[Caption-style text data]
*** Block opens ***
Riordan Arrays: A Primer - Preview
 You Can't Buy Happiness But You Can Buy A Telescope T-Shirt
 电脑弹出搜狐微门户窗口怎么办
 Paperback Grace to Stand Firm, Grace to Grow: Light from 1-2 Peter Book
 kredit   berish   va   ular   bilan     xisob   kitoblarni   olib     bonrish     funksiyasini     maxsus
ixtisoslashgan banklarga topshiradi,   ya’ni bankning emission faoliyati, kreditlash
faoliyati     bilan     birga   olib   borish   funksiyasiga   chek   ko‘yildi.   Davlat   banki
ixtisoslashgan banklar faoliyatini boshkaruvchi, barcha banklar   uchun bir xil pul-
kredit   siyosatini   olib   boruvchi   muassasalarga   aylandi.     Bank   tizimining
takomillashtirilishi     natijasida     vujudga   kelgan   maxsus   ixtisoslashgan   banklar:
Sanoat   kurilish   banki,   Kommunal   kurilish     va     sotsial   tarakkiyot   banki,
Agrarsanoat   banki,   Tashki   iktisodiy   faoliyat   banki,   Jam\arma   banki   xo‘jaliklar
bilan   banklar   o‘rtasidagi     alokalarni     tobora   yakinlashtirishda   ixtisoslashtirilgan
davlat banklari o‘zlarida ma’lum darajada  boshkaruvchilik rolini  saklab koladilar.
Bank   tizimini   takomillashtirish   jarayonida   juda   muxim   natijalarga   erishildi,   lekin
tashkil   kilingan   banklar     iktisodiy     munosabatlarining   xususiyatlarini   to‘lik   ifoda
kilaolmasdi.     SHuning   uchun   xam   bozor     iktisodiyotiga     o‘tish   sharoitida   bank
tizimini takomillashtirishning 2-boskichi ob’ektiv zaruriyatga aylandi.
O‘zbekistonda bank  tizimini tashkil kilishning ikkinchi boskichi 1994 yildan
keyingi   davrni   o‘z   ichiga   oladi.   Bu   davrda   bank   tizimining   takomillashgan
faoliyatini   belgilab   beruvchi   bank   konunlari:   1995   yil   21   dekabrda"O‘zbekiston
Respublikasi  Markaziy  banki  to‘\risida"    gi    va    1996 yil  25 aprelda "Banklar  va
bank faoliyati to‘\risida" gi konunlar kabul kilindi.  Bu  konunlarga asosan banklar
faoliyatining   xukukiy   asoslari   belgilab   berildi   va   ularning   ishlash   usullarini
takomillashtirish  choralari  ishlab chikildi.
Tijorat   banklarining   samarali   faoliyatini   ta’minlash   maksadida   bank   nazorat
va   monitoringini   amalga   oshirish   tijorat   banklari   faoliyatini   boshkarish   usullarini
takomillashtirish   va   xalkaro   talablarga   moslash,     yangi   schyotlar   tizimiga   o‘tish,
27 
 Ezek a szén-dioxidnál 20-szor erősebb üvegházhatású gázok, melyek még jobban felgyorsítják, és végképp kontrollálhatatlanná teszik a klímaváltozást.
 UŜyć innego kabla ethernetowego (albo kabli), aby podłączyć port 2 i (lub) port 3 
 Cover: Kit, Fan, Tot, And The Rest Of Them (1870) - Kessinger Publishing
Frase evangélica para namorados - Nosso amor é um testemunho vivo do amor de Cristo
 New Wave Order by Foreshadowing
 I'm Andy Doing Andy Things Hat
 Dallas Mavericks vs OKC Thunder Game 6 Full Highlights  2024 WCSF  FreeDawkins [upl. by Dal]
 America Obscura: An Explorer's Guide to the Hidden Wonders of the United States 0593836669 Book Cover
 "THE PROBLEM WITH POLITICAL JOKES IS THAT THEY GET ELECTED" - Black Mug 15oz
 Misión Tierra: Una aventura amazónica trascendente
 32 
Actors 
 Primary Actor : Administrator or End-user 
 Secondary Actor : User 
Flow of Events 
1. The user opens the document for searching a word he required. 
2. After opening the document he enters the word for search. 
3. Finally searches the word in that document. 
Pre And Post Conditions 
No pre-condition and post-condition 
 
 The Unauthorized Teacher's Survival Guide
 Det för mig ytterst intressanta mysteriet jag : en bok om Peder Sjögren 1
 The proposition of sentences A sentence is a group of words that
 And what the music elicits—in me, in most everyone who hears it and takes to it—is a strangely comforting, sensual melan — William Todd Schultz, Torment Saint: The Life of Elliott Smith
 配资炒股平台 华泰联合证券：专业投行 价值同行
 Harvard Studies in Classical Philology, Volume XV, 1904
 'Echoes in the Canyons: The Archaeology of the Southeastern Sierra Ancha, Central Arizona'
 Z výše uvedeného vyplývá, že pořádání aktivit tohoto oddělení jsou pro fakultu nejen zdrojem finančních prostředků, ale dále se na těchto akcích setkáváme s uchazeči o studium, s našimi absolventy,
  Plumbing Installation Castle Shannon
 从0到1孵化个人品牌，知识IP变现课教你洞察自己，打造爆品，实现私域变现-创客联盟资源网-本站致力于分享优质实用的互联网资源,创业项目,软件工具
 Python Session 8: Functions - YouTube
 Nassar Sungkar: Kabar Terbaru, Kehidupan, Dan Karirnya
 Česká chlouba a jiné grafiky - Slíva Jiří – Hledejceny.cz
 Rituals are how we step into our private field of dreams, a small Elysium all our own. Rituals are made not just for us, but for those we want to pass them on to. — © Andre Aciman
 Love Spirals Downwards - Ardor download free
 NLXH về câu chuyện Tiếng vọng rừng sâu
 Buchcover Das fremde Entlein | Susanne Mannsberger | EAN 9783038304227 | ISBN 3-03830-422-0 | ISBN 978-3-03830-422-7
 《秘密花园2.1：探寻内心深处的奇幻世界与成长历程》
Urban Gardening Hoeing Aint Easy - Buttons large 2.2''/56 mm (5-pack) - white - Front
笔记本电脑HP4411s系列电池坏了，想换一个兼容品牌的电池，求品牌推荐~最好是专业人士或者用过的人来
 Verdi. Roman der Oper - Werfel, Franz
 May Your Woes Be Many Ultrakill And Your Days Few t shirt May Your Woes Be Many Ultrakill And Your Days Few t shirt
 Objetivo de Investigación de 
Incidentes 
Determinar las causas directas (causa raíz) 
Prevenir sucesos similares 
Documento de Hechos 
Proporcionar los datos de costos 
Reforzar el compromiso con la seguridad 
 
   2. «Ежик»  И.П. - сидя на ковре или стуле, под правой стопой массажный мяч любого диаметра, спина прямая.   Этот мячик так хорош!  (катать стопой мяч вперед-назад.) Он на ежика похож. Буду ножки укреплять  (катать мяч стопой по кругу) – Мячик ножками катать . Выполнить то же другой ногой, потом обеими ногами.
*** Block closes ***
What you will do:
Word for word, write out the entries above again.

Solution for this exercise:
Riordan Arrays: A Primer - Preview
 You Can't Buy Happiness But You Can Buy A Telescope T-Shirt
 电脑弹出搜狐微门户窗口怎么办
 Paperback Grace to Stand Firm, Grace to Grow: Light from 1-2 Peter Book
 kredit   berish   va   ular   bilan     xisob   kitoblarni   olib     bonrish     funksiyasini     maxsus
ixtisoslashgan banklarga topshiradi,   ya’ni bankning emission faoliyati, kreditlash
faoliyati     bilan     birga   olib   borish   funksiyasiga   chek   ko‘yildi.   Davlat   banki
ixtisoslashgan banklar faoliyatini boshkaruvchi, barcha banklar   uchun bir xil pul-
kredit   siyosatini   olib   boruvchi   muassasalarga   aylandi.     Bank   tizimining
takomillashtirilishi     natijasida     vujudga   kelgan   maxsus   ixtisoslashgan   banklar:
Sanoat   kurilish   banki,   Kommunal   kurilish     va     sotsial   tarakkiyot   banki,
Agrarsanoat   banki,   Tashki   iktisodiy   faoliyat   banki,   Jam\arma   banki   xo‘jaliklar
bilan   banklar   o‘rtasidagi     alokalarni     tobora   yakinlashtirishda   ixtisoslashtirilgan
davlat banklari o‘zlarida ma’lum darajada  boshkaruvchilik rolini  saklab koladilar.
Bank   tizimini   takomillashtirish   jarayonida   juda   muxim   natijalarga   erishildi,   lekin
tashkil   kilingan   banklar     iktisodiy     munosabatlarining   xususiyatlarini   to‘lik   ifoda
kilaolmasdi.     SHuning   uchun   xam   bozor     iktisodiyotiga     o‘tish   sharoitida   bank
tizimini takomillashtirishning 2-boskichi ob’ektiv zaruriyatga aylandi.
O‘zbekistonda bank  tizimini tashkil kilishning ikkinchi boskichi 1994 yildan
keyingi   davrni   o‘z   ichiga   oladi.   Bu   davrda   bank   tizimining   takomillashgan
faoliyatini   belgilab   beruvchi   bank   konunlari:   1995   yil   21   dekabrda"O‘zbekiston
Respublikasi  Markaziy  banki  to‘\risida"    gi    va    1996 yil  25 aprelda "Banklar  va
bank faoliyati to‘\risida" gi konunlar kabul kilindi.  Bu  konunlarga asosan banklar
faoliyatining   xukukiy   asoslari   belgilab   berildi   va   ularning   ishlash   usullarini
takomillashtirish  choralari  ishlab chikildi.
Tijorat   banklarining   samarali   faoliyatini   ta’minlash   maksadida   bank   nazorat
va   monitoringini   amalga   oshirish   tijorat   banklari   faoliyatini   boshkarish   usullarini
takomillashtirish   va   xalkaro   talablarga   moslash,     yangi   schyotlar   tizimiga   o‘tish,
27 
 Ezek a szén-dioxidnál 20-szor erősebb üvegházhatású gázok, melyek még jobban felgyorsítják, és végképp kontrollálhatatlanná teszik a klímaváltozást.
 UŜyć innego kabla ethernetowego (albo kabli), aby podłączyć port 2 i (lub) port 3 
 Cover: Kit, Fan, Tot, And The Rest Of Them (1870) - Kessinger Publishing
Frase evangélica para namorados - Nosso amor é um testemunho vivo do amor de Cristo
 New Wave Order by Foreshadowing
 I'm Andy Doing Andy Things Hat
 Dallas Mavericks vs OKC Thunder Game 6 Full Highlights  2024 WCSF  FreeDawkins [upl. by Dal]
 America Obscura: An Explorer's Guide to the Hidden Wonders of the United States 0593836669 Book Cover
 "THE PROBLEM WITH POLITICAL JOKES IS THAT THEY GET ELECTED" - Black Mug 15oz
 Misión Tierra: Una aventura amazónica trascendente
 32 
Actors 
 Primary Actor : Administrator or End-user 
 Secondary Actor : User 
Flow of Events 
1. The user opens the document for searching a word he required. 
2. After opening the document he enters the word for search. 
3. Finally searches the word in that document. 
Pre And Post Conditions 
No pre-condition and post-condition 
 
 The Unauthorized Teacher's Survival Guide
 Det för mig ytterst intressanta mysteriet jag : en bok om Peder Sjögren 1
 The proposition of sentences A sentence is a group of words that
 And what the music elicits—in me, in most everyone who hears it and takes to it—is a strangely comforting, sensual melan — William Todd Schultz, Torment Saint: The Life of Elliott Smith
 配资炒股平台 华泰联合证券：专业投行 价值同行
 Harvard Studies in Classical Philology, Volume XV, 1904
 'Echoes in the Canyons: The Archaeology of the Southeastern Sierra Ancha, Central Arizona'
 Z výše uvedeného vyplývá, že pořádání aktivit tohoto oddělení jsou pro fakultu nejen zdrojem finančních prostředků, ale dále se na těchto akcích setkáváme s uchazeči o studium, s našimi absolventy,
  Plumbing Installation Castle Shannon
 从0到1孵化个人品牌，知识IP变现课教你洞察自己，打造爆品，实现私域变现-创客联盟资源网-本站致力于分享优质实用的互联网资源,创业项目,软件工具
 Python Session 8: Functions - YouTube
 Nassar Sungkar: Kabar Terbaru, Kehidupan, Dan Karirnya
 Česká chlouba a jiné grafiky - Slíva Jiří – Hledejceny.cz
 Rituals are how we step into our private field of dreams, a small Elysium all our own. Rituals are made not just for us, but for those we want to pass them on to. — © Andre Aciman
 Love Spirals Downwards - Ardor download free
 NLXH về câu chuyện Tiếng vọng rừng sâu
 Buchcover Das fremde Entlein | Susanne Mannsberger | EAN 9783038304227 | ISBN 3-03830-422-0 | ISBN 978-3-03830-422-7
 《秘密花园2.1：探寻内心深处的奇幻世界与成长历程》
Urban Gardening Hoeing Aint Easy - Buttons large 2.2''/56 mm (5-pack) - white - Front
笔记本电脑HP4411s系列电池坏了，想换一个兼容品牌的电池，求品牌推荐~最好是专业人士或者用过的人来
 Verdi. Roman der Oper - Werfel, Franz
 May Your Woes Be Many Ultrakill And Your Days Few t shirt May Your Woes Be Many Ultrakill And Your Days Few t shirt
 Objetivo de Investigación de 
Incidentes 
Determinar las causas directas (causa raíz) 
Prevenir sucesos similares 
Documento de Hechos 
Proporcionar los datos de costos 
Reforzar el compromiso con la seguridad 
 
   2. «Ежик»  И.П. - сидя на ковре или стуле, под правой стопой массажный мяч любого диаметра, спина прямая.   Этот мячик так хорош!  (катать стопой мяч вперед-назад.) Он на ежика похож. Буду ножки укреплять  (катать мяч стопой по кругу) – Мячик ножками катать . Выполнить то же другой ногой, потом обеими ногами.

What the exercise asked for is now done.